I think that conclusion is premature. Scaling is alive, but it plays out differently in biology than in text or images. Success depends on scaling the right axes — not just parameters, but context length, data diversity, objectives, tokenization, and architecture. And it depends on evaluating models fairly, with methods that reveal their strengths rather than obscure them.
In this post, I am laying out why scaling still matters for biology, why in fact foundation models are crucial for bringing biology into the next decade, and more importantly what dimensions we should be scaling, and how to think about evaluation.
Supervised Models Excel with Abundant Data, but Biology Is Far More Complex
In genomics, supervised models excel where labels are plentiful. Human and mouse genomes have benefited from massive data-generation consortia. Disease genetics, ENCODE-like catalogs of regulatory activity, popular immortalized cell lines; these are rich ecosystems where supervised models can thrive. Feed them thousands of transcriptomic and epigenomic tracks and they deliver excellent performance.
But biology extends far beyond this tight circle. Step into zebrafish, plants, or microbial consortia, and labeled data quickly thins out. Assays become noisy, annotations sparse, and sample sizes small. Training high-capacity supervised models is simply not feasible in these settings.

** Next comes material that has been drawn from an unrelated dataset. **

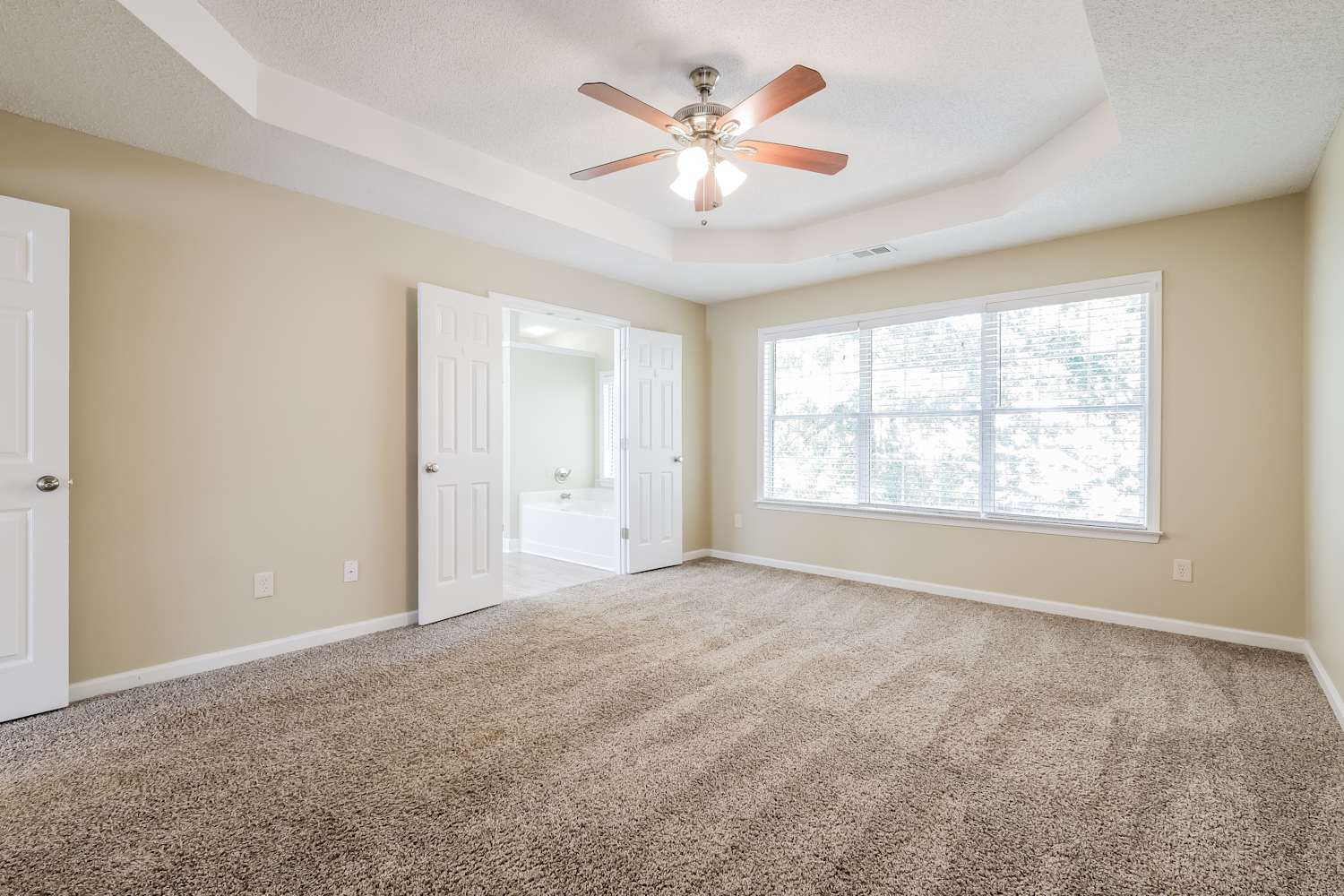 130 Lyndhurst Ct, Roswell photo 10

This is where foundation models matter. Pretraining across species and contexts lowers the barrier in data-poor domains. A model like Evo 2, trained on thousands of genomes across the tree of life, carries useful priors even for organisms studied by only a handful of labs. Its broad evolutionary grounding allows transfer: patterns learned from one species help interpret another. And remarkably, Evo 2 achieves state-of-the-art performance on both non-coding and coding variant prediction in humans despite being trained only on reference genomes, not on expensive omics tracks.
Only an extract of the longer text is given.